Per
United States v. Vucko,
473 F.3d 773 (7th Cir. Jan. 12, 2007):
In the mid-1990s Vucko began to help herself to Northwest's money, eventually pilfering more than $700,000. Meanwhile, Vucko also defrauded the United States by falsely reporting her income on her tax returns for five years. After she was caught, she pleaded guilty without a plea agreement to wire fraud in violation of
18 U.S.C. § 1343 and to making a false statement in a tax return in violation of
26 U.S.C. § 7206(1). . . . At sentencing, the primary issue that Vucko raised was whether her wire fraud and tax fraud counts had to be grouped under the provisions of
§ 3D1.2(c) or (d). . . . On appeal, Vucko continues to urge that the district court should have grouped her two offenses for sentencing purposes. . . . Vucko is not the first person who initially committed fraud and then failed to report her income from that fraud. We are therefore not the first court to face the question whether these offenses should be grouped under
§ 3D1.2(c). The issue is difficult enough that it has caused a split among our sister circuits.
The Fifth Circuit encountered this problem in
United States v. Haltom, 113 F.3d 43 (5th Cir.1997). Haltom pleaded guilty to one count of mail fraud and four counts of tax evasion.
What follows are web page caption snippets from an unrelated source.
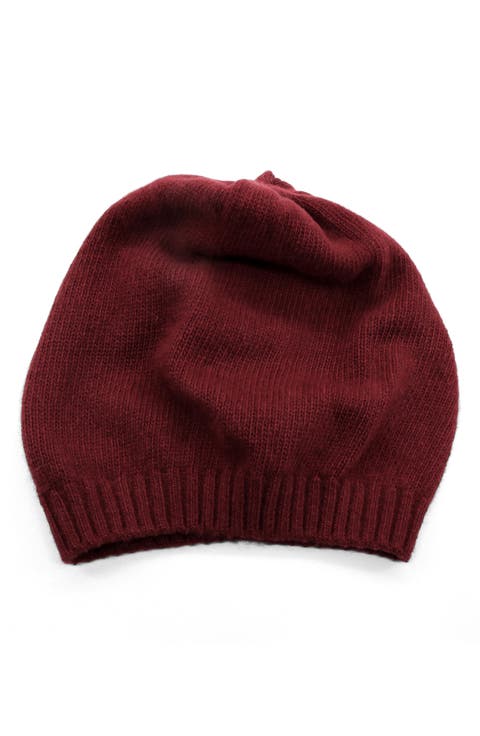 Solid Cashmere Beret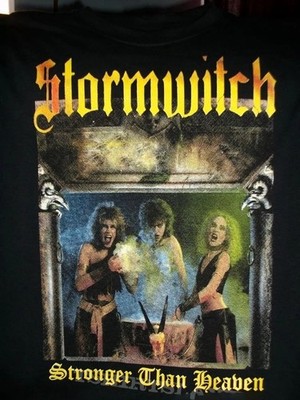 New Stormwitch Stronger Than Heaven Black S to 5XL Concert Shirt VK429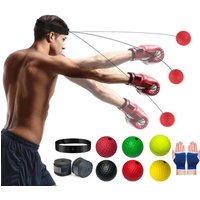 Head Mounted Boxing Reflex Children's Combat Decompression Magic Speed Ball, Adult Ability Training, Fitness And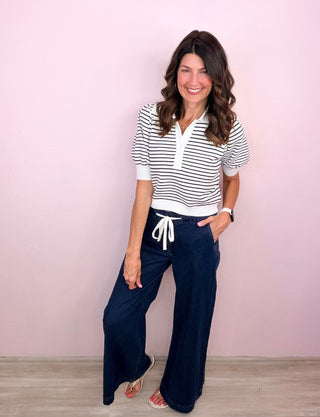 RISEN Slouchy Wide Leg Pants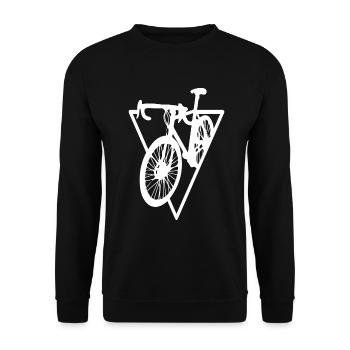 Triangle - Cyclisme - (4) - Sweat-shirt Unisexe - noir - Devant - Alina (178cm) & Michal (187cm)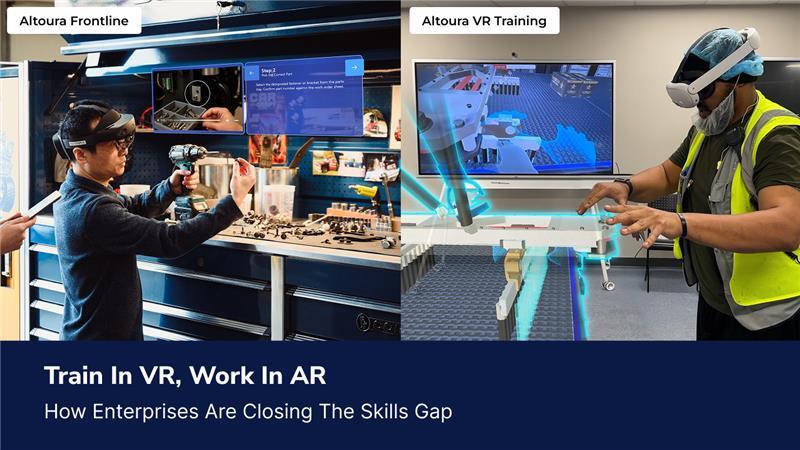 Featured image: Train in VR, Work in AR: How Enterprises Are Closing the Skills Gap -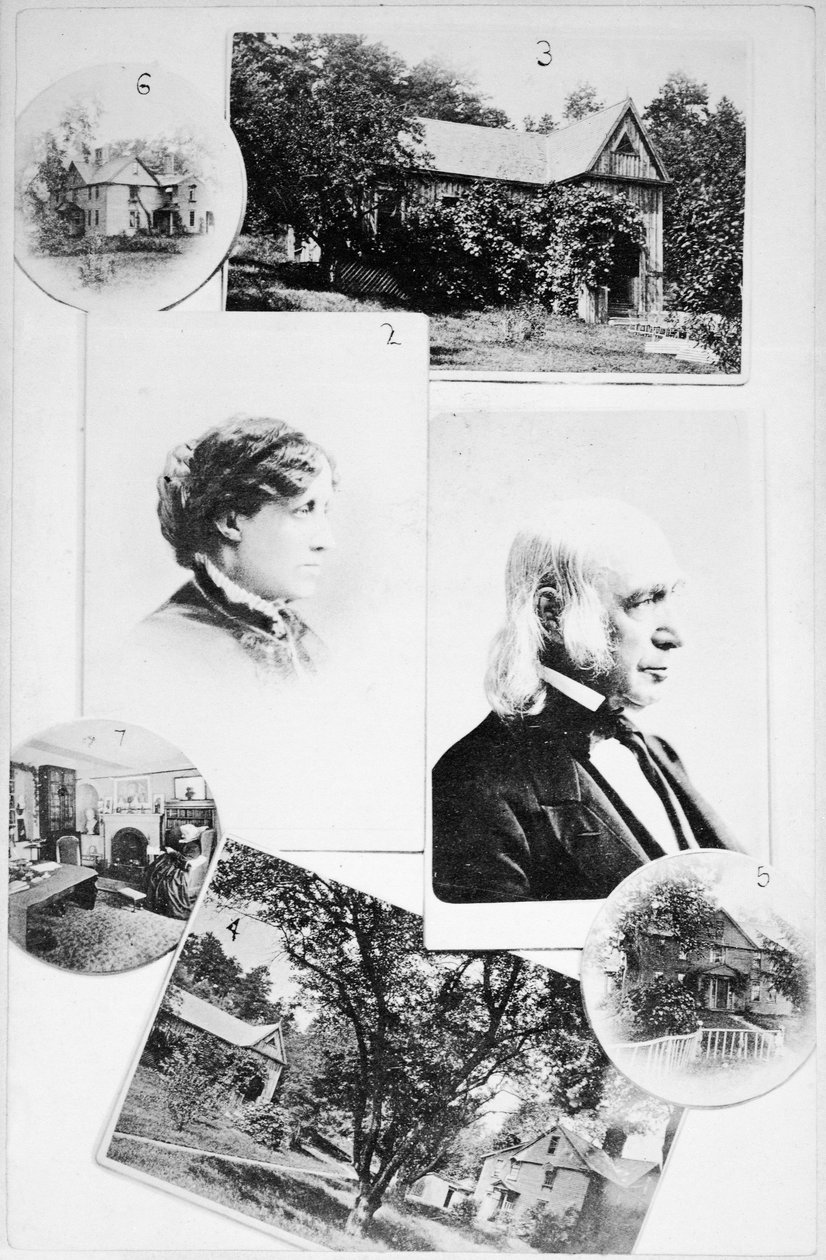 Kuvia Alcott-perheestä ja heidän kodistaan tekijältä American School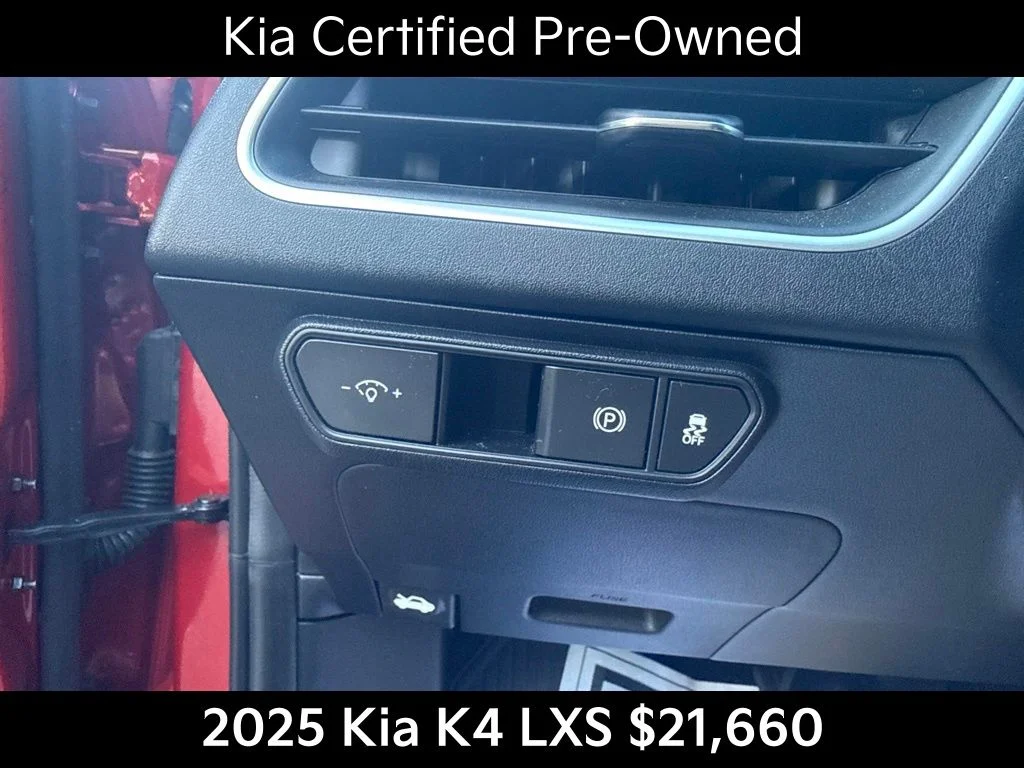 Certified Used 2025 Red Kia LXS image 33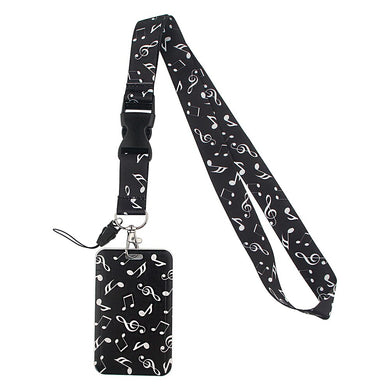 Lanyard y Porta credencial Nota musical - Yukawaii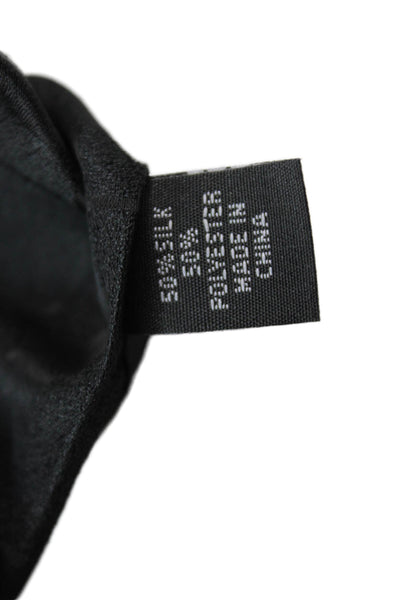 Calvin Klein Mens Silk Classic Length Tie Solid Black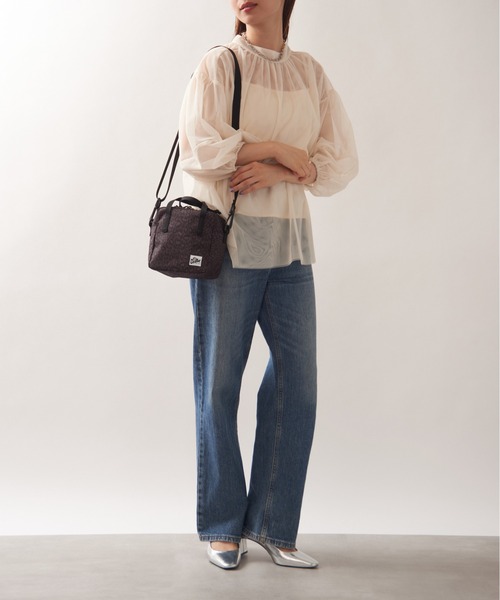 copping zone ハンドバッグ ショルダー 2way デニム切り替え copping zone ハンドバッグ ショルダー 2way デニム切り替え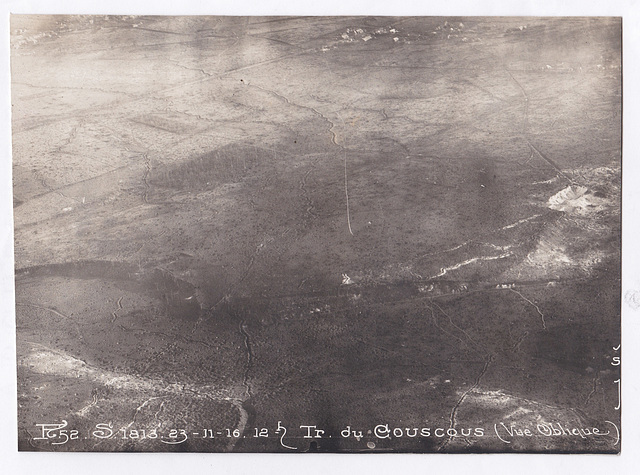 P.26b Tranchée du Couscous, le 23 11 1916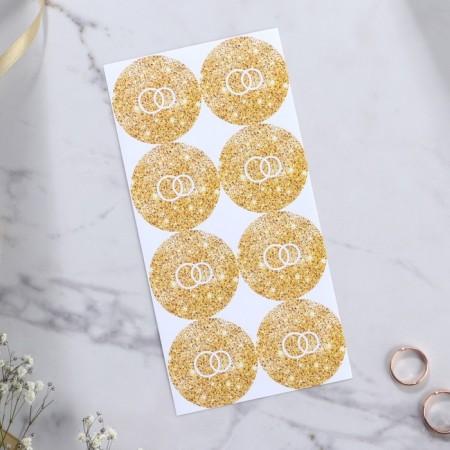 Invitation in the craft envelope for the wedding "Golden Sequins", 10 x 15 cm-7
The district court found that grouping was inappropriate, but the court of appeals reversed. Noting that the Introductory Commentary explained that grouping provides for “incremental punishment for significant additional criminal conduct,” the court thought that the key word there was “significant.” “Sometimes,” it commented, “an additional count does not represent significant additional criminal conduct, and does not lead to an increased sentence.”
Id. at 45. Turning specifically to
§ 3D1.2(c), the court reasoned, “Convictions on multiple counts do not result in a sentence enhancement unless they represent additional conduct that is not otherwise accounted for by the guidelines.” Id. at 45-46 (emphasis in original). The defendant's offense level under the tax guideline was increased by two, because the source of the unreported income was criminal activity. The court described as “indisputable” the fact that the mail fraud count covered conduct that was being treated as a specific offense characteristic for the tax count. Id. at 46. Immediately after so concluding, however, the court went on to concede:
As a matter of common parlance, Haltom's mail fraud and tax evasion convictions cannot readily be said to have caused “substantially the same harm.” See
U.S.S.G. § 3D1.2. The mail fraud damaged the private financial interests of Haltom's corporate clients; the tax offenses harmed the government. Absent a contrary directive in the guidelines themselves, we might have considered these harms quite distinct and concluded that Haltom's offenses were not groupable.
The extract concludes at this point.